Find the line containing "Lovely Watercolor Roses", then return it and every line after it through the end of the records, exactly. Leave out pictures.

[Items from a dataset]
——————————
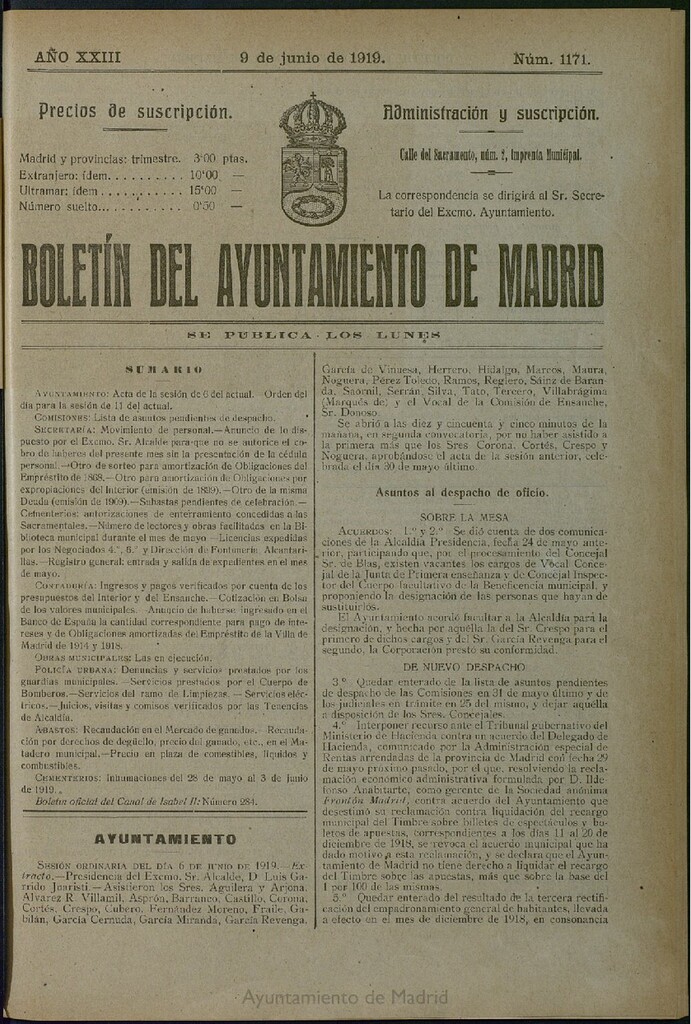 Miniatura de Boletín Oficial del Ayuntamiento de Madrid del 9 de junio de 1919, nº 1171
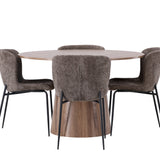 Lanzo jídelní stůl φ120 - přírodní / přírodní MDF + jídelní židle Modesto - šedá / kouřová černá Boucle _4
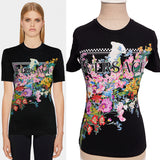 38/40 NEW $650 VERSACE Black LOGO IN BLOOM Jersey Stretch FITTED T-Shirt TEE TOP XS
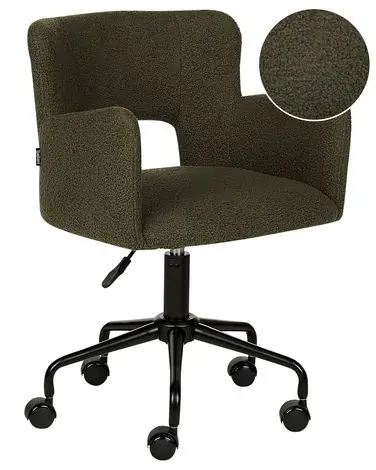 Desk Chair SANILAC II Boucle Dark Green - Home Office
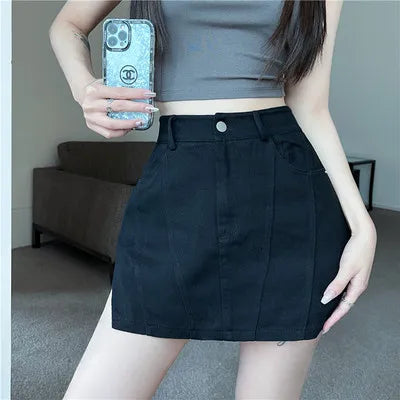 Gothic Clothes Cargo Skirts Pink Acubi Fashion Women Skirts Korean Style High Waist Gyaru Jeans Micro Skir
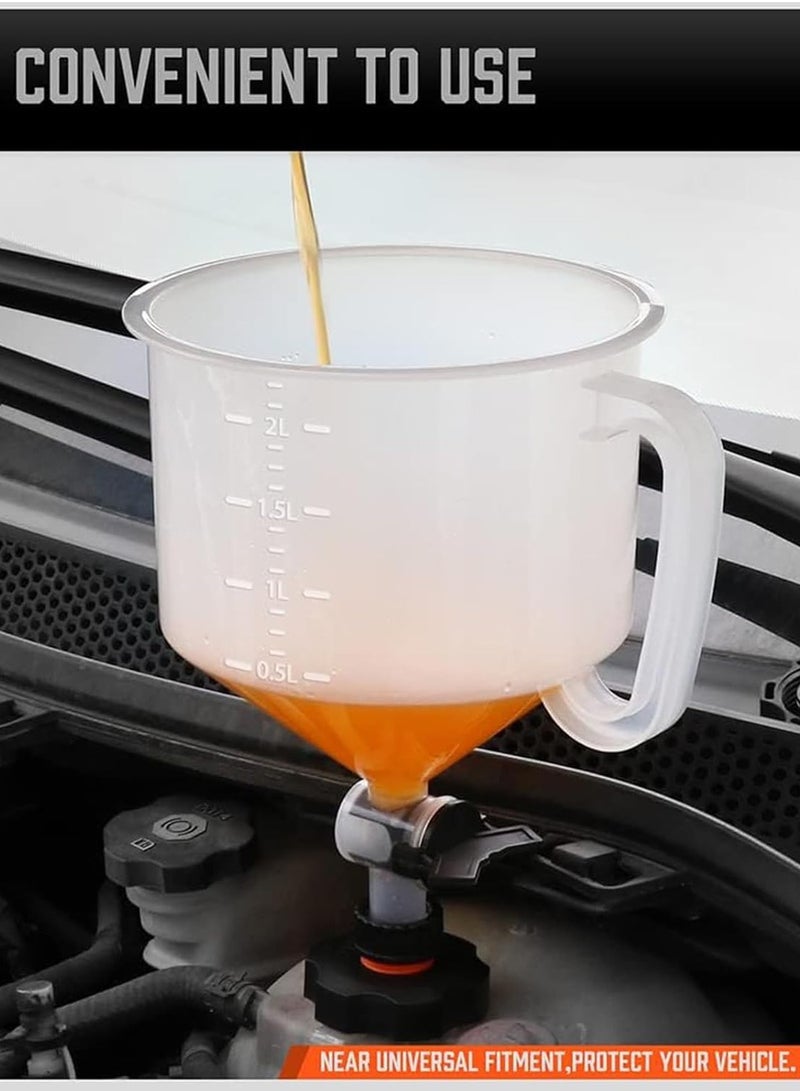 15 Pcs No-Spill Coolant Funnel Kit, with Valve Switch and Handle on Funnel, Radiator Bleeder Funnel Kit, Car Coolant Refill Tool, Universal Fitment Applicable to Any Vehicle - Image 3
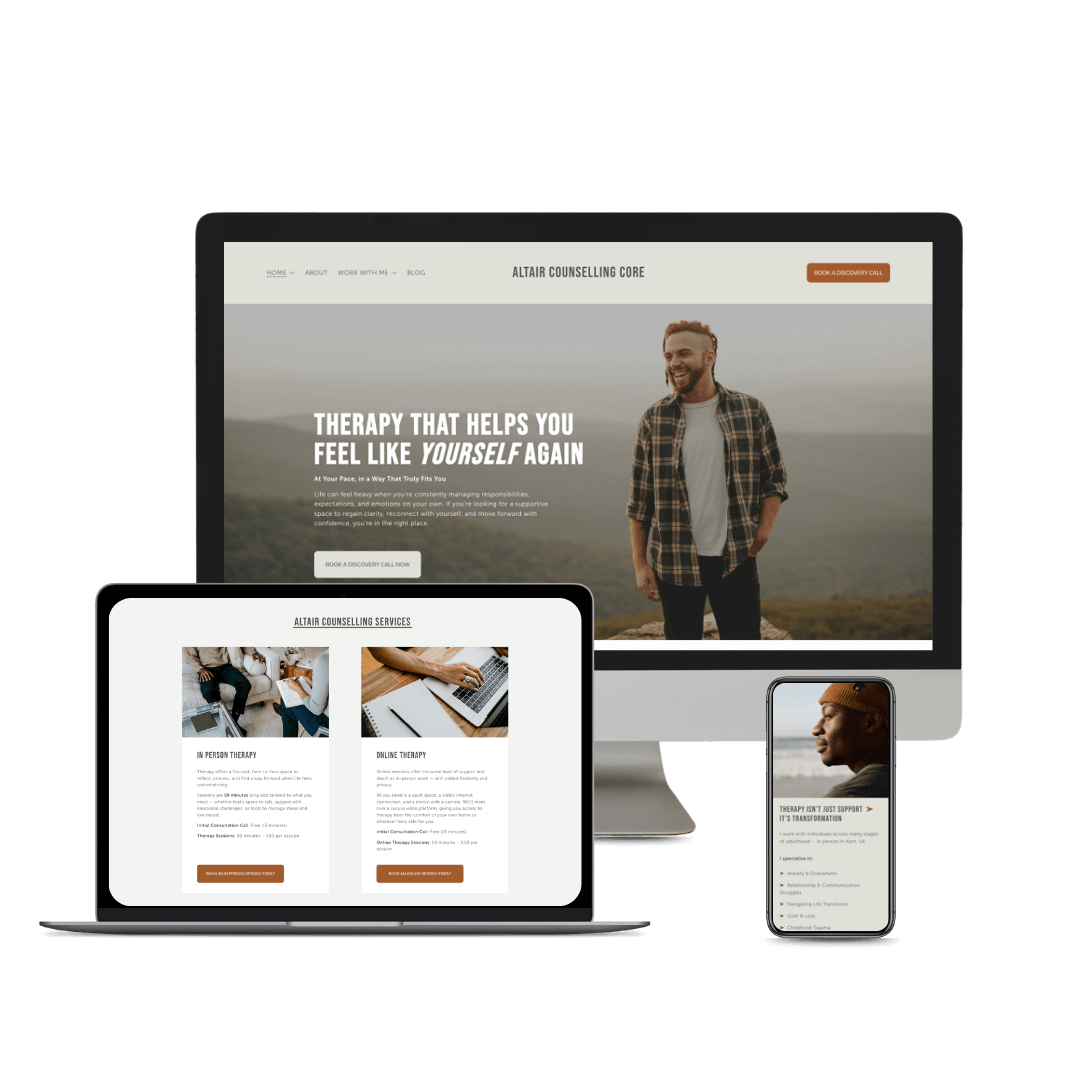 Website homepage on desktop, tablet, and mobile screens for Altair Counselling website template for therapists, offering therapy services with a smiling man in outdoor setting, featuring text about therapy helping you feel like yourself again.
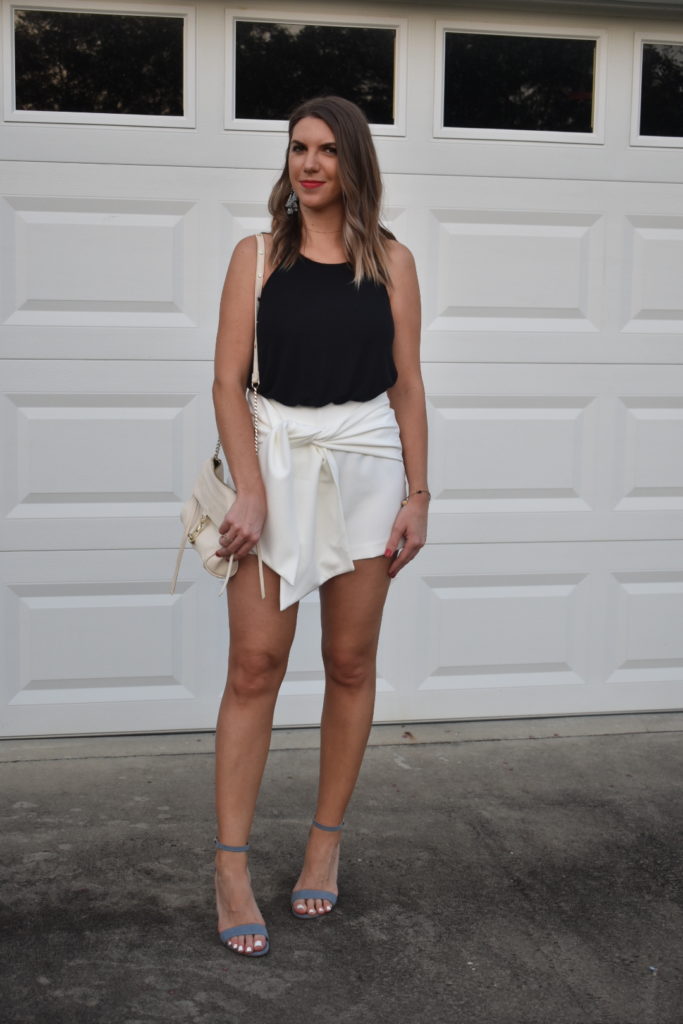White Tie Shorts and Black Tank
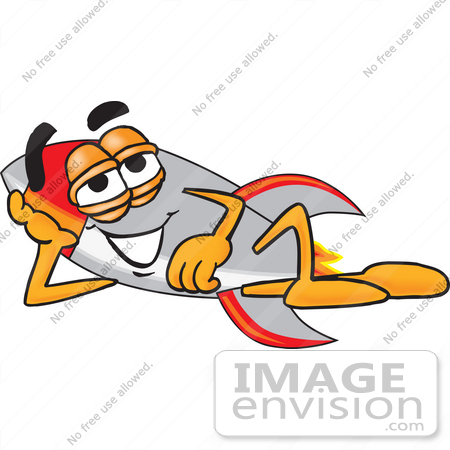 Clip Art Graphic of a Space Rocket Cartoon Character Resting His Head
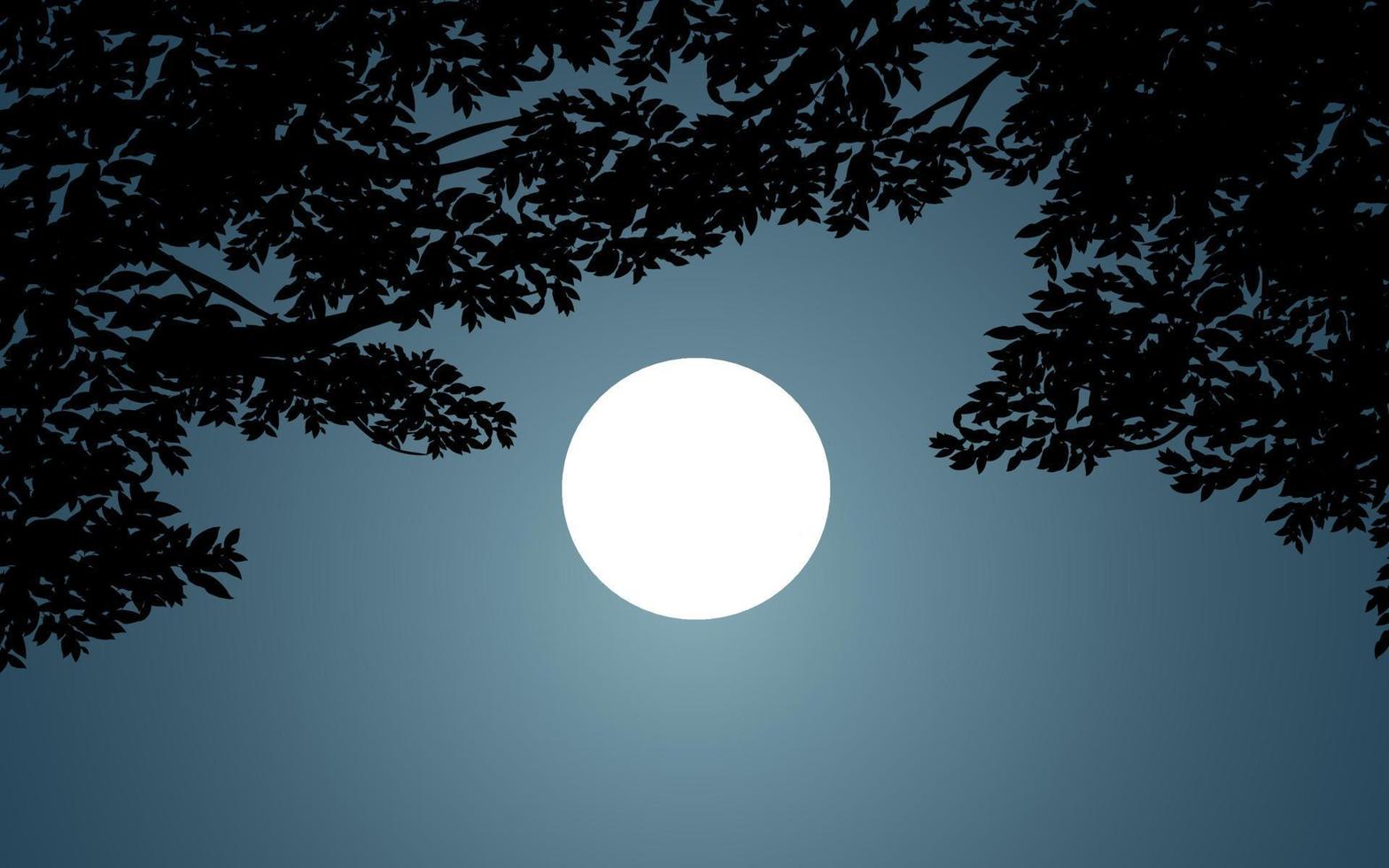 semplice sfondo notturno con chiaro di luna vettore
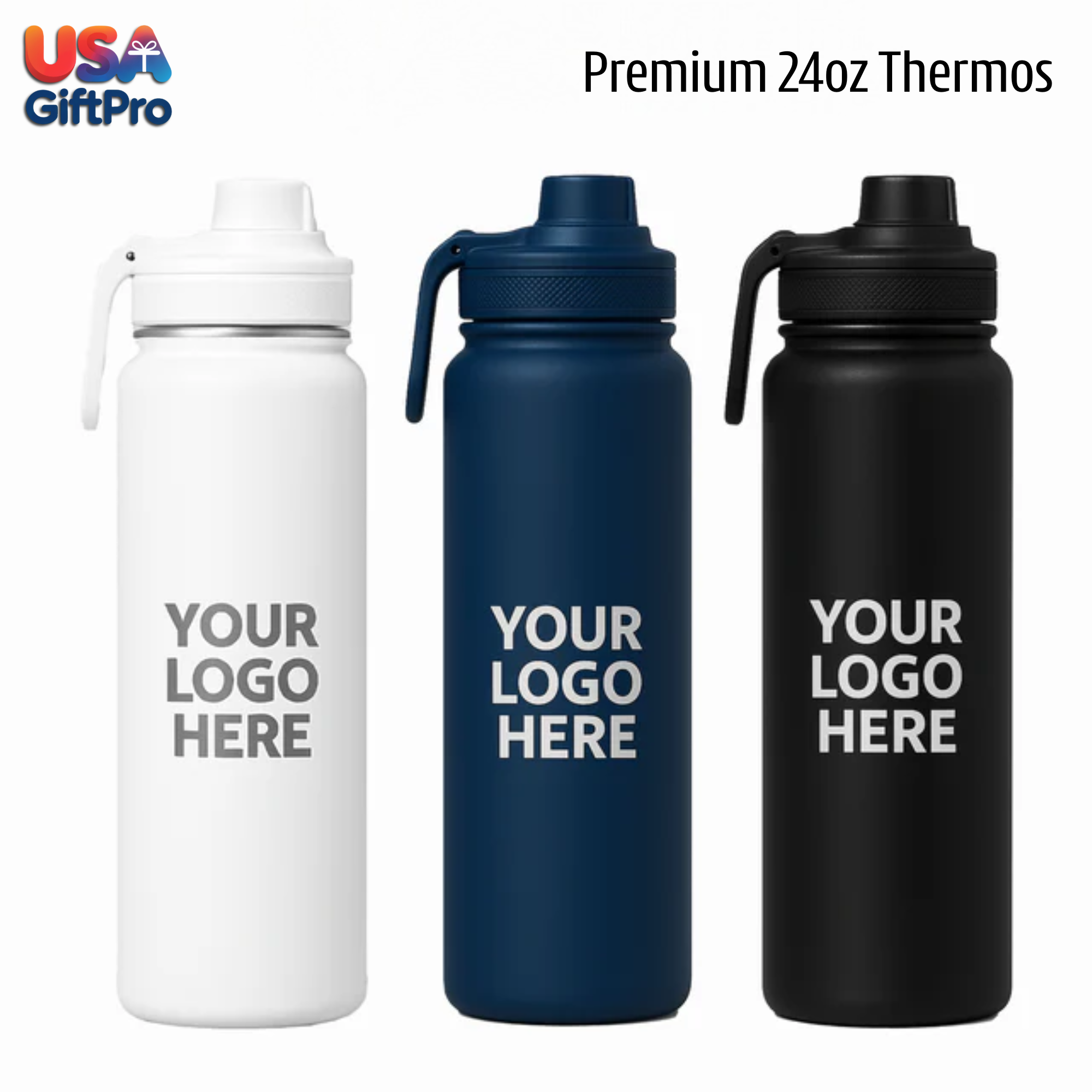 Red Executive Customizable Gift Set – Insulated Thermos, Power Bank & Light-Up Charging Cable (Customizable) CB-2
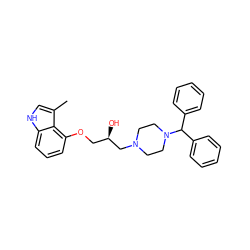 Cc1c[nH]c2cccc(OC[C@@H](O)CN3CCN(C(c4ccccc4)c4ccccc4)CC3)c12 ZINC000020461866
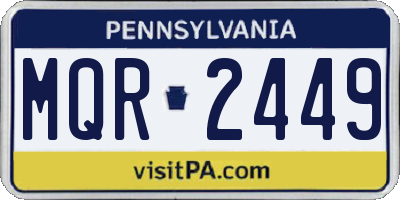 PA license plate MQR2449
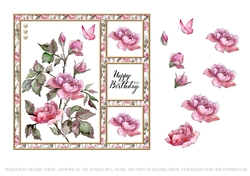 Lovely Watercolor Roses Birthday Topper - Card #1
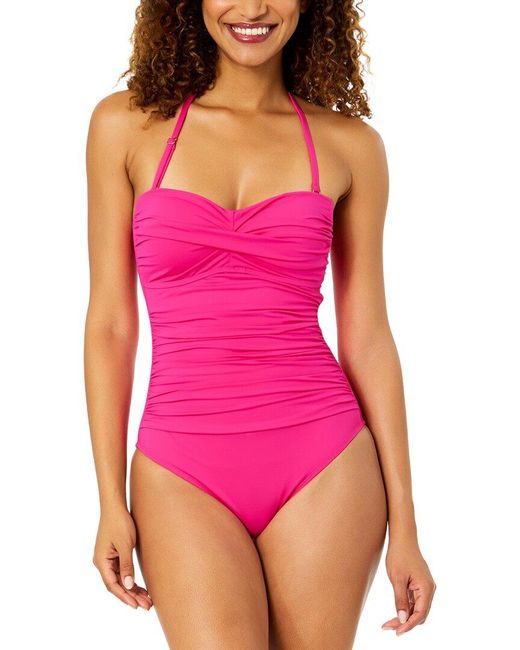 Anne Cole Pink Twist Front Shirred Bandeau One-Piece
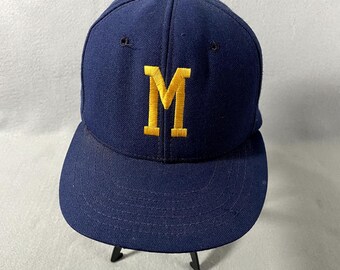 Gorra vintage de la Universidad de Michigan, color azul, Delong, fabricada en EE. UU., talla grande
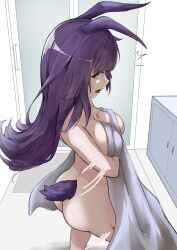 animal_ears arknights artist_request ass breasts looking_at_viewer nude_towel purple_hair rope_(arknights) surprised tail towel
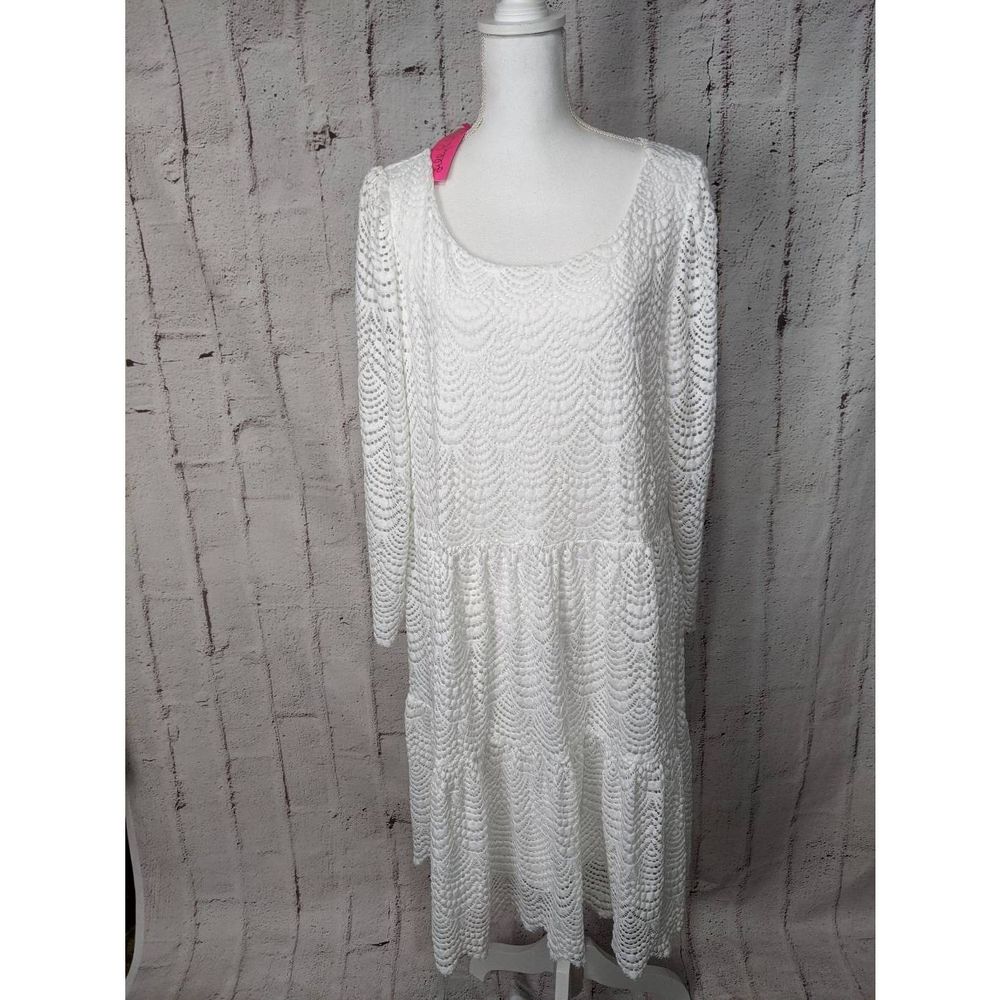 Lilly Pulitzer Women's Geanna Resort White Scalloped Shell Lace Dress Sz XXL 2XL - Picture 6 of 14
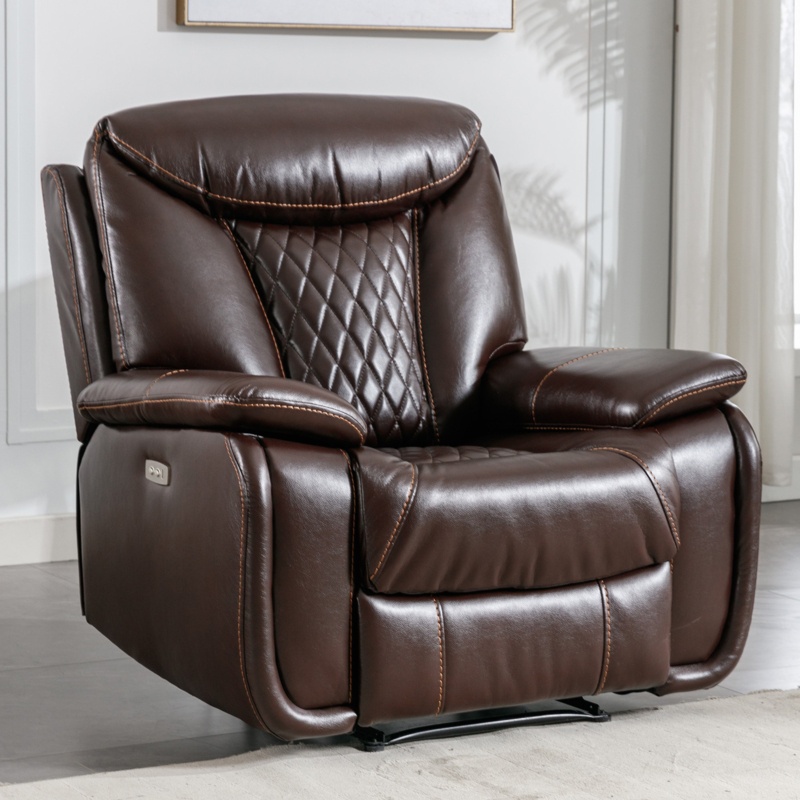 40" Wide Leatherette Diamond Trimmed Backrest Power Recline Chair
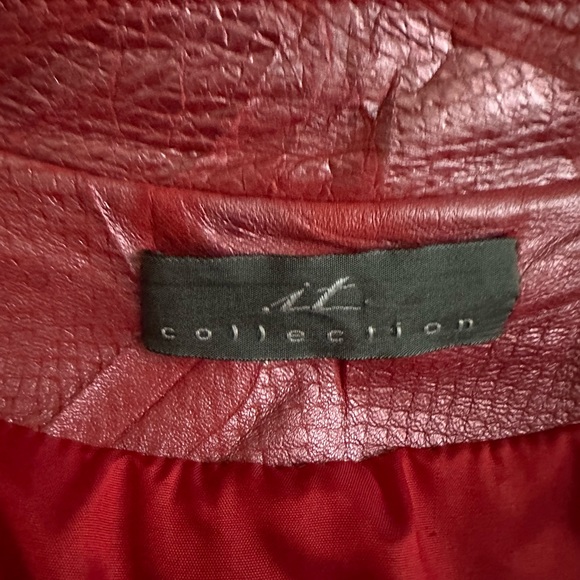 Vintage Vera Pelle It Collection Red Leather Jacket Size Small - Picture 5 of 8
——————————
• **SOLUTION TO THIS TASK**
 Lovely Watercolor Roses Birthday Topper - Card #1
 Anne Cole Pink Twist Front Shirred Bandeau One-Piece
 Gorra vintage de la Universidad de Michigan, color azul, Delong, fabricada en EE. UU., talla grande
 animal_ears arknights artist_request ass breasts looking_at_viewer nude_towel purple_hair rope_(arknights) surprised tail towel
 Lilly Pulitzer Women's Geanna Resort White Scalloped Shell Lace Dress Sz XXL 2XL - Picture 6 of 14
 40" Wide Leatherette Diamond Trimmed Backrest Power Recline Chair
 Vintage Vera Pelle It Collection Red Leather Jacket Size Small - Picture 5 of 8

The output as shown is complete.